→ Activity:
Exactly as they appear below, repeat the lines from the one with "Usado Peugeot Expert" through the one with "Savon au charbon". Drop every picture.

→ Input for this task:
== Segment start ==
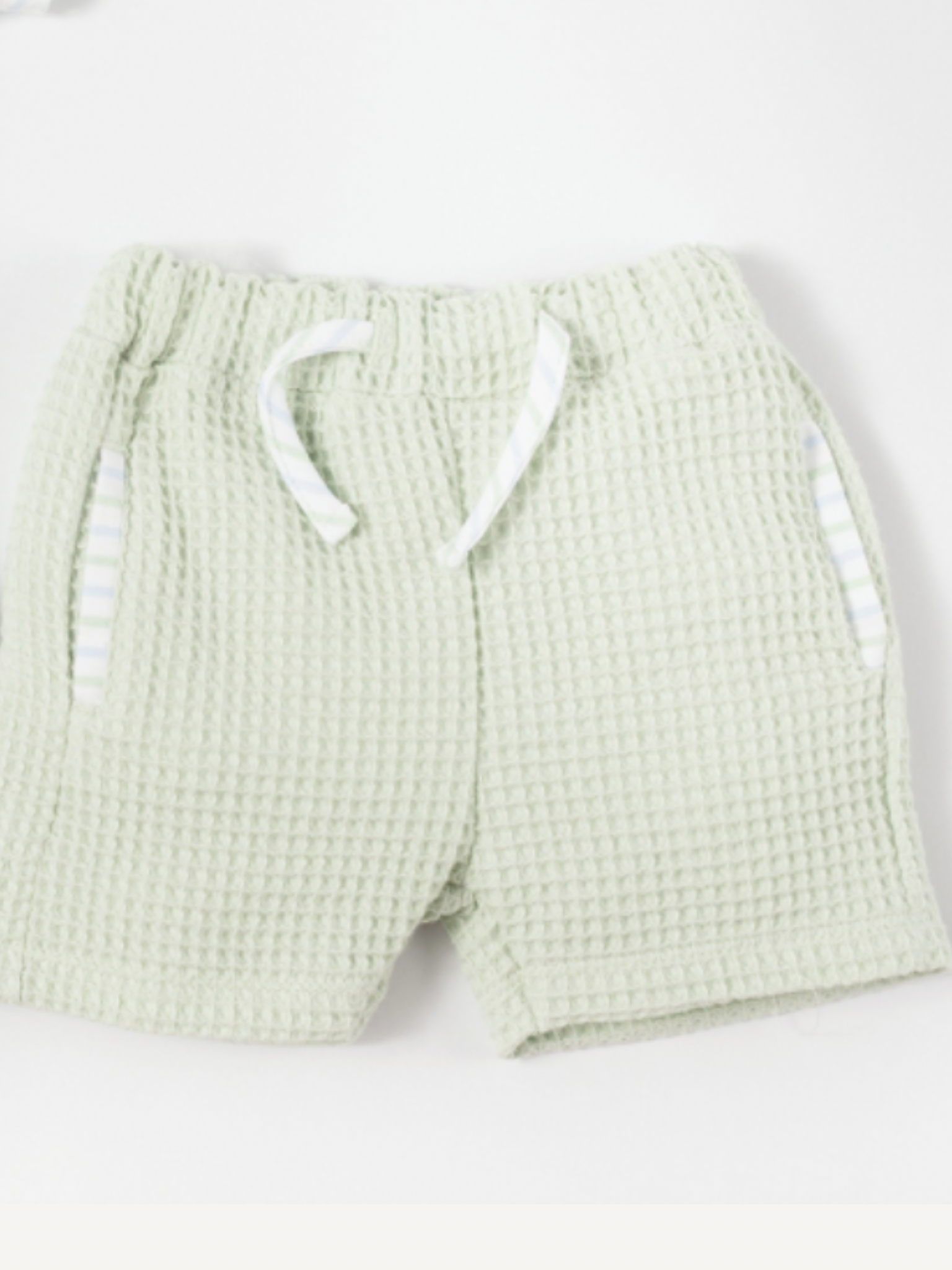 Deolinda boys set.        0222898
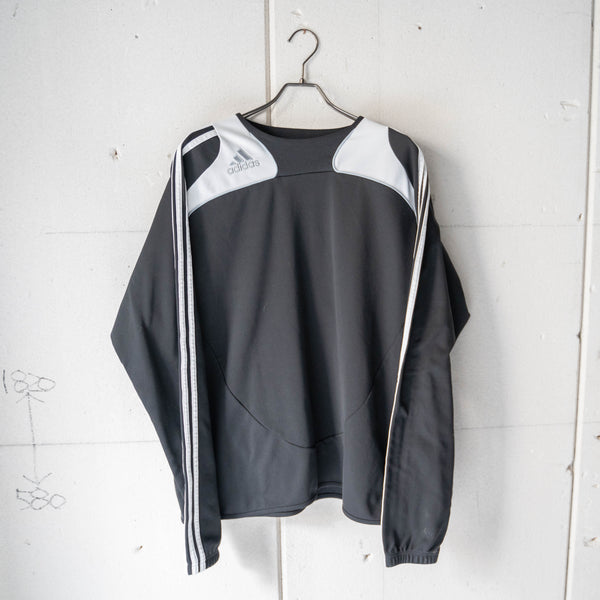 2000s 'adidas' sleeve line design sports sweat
== Segment end ==
== Segment start ==
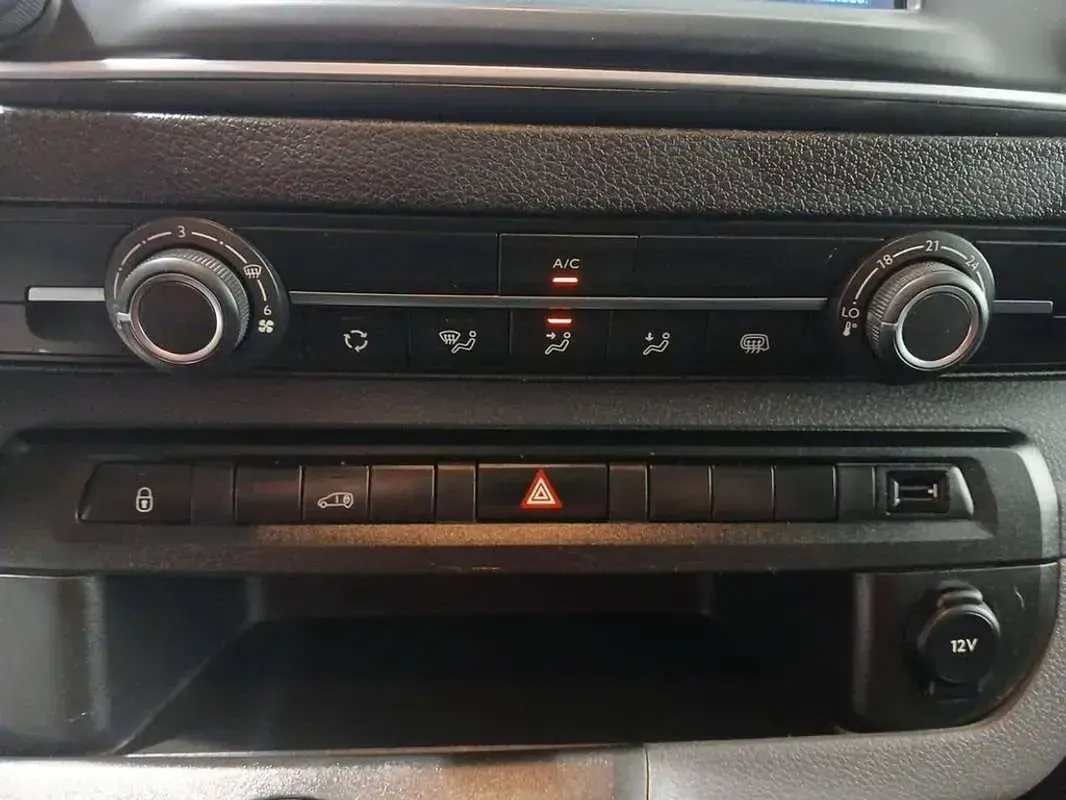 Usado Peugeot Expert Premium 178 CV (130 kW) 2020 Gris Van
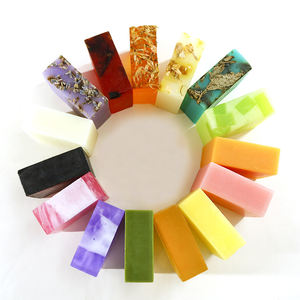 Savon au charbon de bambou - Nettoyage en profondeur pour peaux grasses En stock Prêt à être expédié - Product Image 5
== Segment end ==
→ Task result:
 Usado Peugeot Expert Premium 178 CV (130 kW) 2020 Gris Van
 Savon au charbon de bambou - Nettoyage en profondeur pour peaux grasses En stock Prêt à être expédié - Product Image 5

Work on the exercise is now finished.